In particular, Pope Francis has noted that there are three “aims” of this Year.

Look to the Past with Gratitude

In our prayer life, the virtue of gratitude is a sign of spiritual maturity. Petition is also important, as it is very childlike.  It is not as if we stop “asking” and relying upon our loving Heavenly Father for all things. However, just as a young child is taught to ask (petition) for things, so too is the child taught to say thank you.  As time moves on and the child matures, no longer does he or she need to be reminded, but “thank you” becomes a natural response.  So too must those called to the Consecrated Life.  Our “thank you” must be incorporated, not only during the special year, but also throughout one’s own life. So too must all Catholics, when thinking of the great benefits received from others living their vocations. Note the benefits received from two very important communities in the Diocese of Gallup: the Franciscans and the Sisters of the Blessed Sacrament.

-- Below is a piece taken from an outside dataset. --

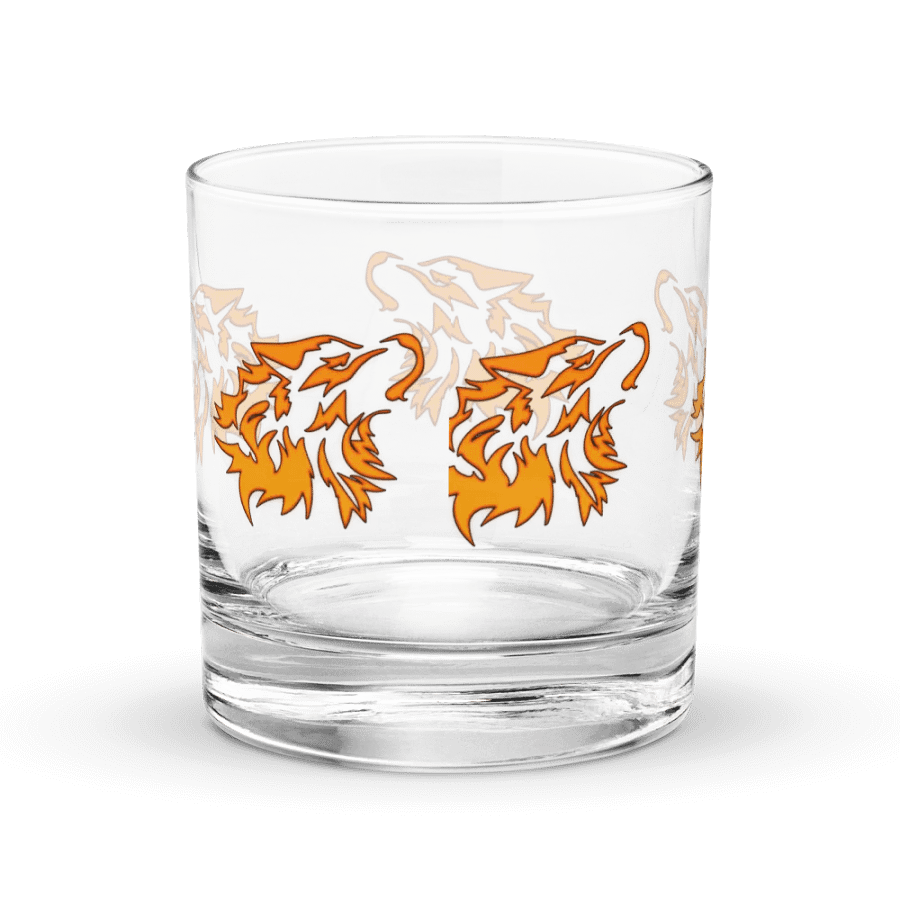 Anthric Logo Rock Glass product image (4)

The founders of these communities, St. Francis and St. Katharine Drexel, each came from wealthy families, but both in their own way were detached from earthly treasures. Saint Francis declared, in the memorable scene in the center of Assisi, “I have called you my father on earth; from this point on I desire to say only ‘Our Father who art in Heaven’.” Saint Katharine Drexel used her inheritance to build and fund schools that ministered to those on the margins of society: African Americans and Native Americans.

Unlike the wealthy young man who was “owned” by his many possessions, these heroes of our faith were able to detach themselves of earthly treasures, in order that they might serve Christ, who is especially present in the poor.

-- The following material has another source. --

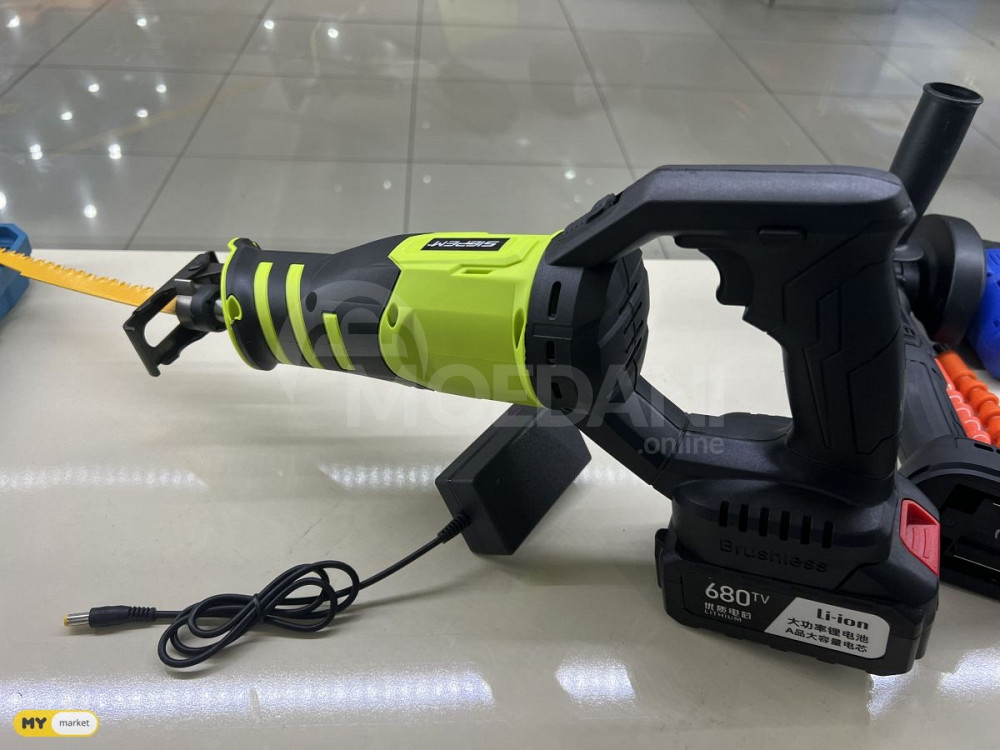 ხმალა ხერხი თბილისი - photo 1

Live the present with passion

Whether we are consecrated religious or not, we must ask ourselves often: “Am I open to being challenged by the Gospel?” For those who are members of religious orders, note what Pope Francis asks in his letter: “Are our ministries, our works and our presence consonant with what the Spirit asked of our founders and foundresses? Are they suitable for carrying out today, in society and the Church, those same ministries and works? Do we have the same passion for our people, are we close to them to the point of sharing in their joys and sorrows, thus truly understanding their needs and helping to respond to them?”

For all Catholics, these words ring true as well. We must ask ourselves everyday: “Is Jesus really our first and only love?” By putting Christ first, only then can we truly live our lives with passion, no matter the vocation.

Embrace the future with hope

Pope Francis says in his letter: “We all know the difficulties which the various forms of consecrated life are currently experiencing: decreasing vocations and aging members, particularly in the Western world; economic problems stemming from the global financial crisis; issues of internationalization and globalization; the threats posed by relativism and a sense of isolation and social irrelevance…” This can be felt by all Catholics. The idea that one’s faith or way of life is being challenged or becoming irrelevant is not solely felt by members of religious orders.

But remember, first and foremost, we are a people of hope, and our hope is in the Lord who made Heaven and Earth. The virtue of hope allows us to look to the future with great confidence.  Confident that just as the Lord called men and women to leave all behind and follow him in a particular way of life, he will continue to inspire the future generation of the Church to do the same.  To be men and women of great faith and hope, inspired by the Holy Spirit to do beautiful things all for Jesus Christ. It is a call to generosity, to give of one’s own life, and to prefer nothing about the love of Christ.

Finally, as Pope Francis has entrusted the Year of Consecrated Life to the Blessed Virgin Mary, “the Virgin of listening and contemplation, the first disciple of her beloved Son”, so too entrust your life to her (after the pattern of the beloved Pope John Paul II), who will lead you into a deeper and more intimate relationship with her Son.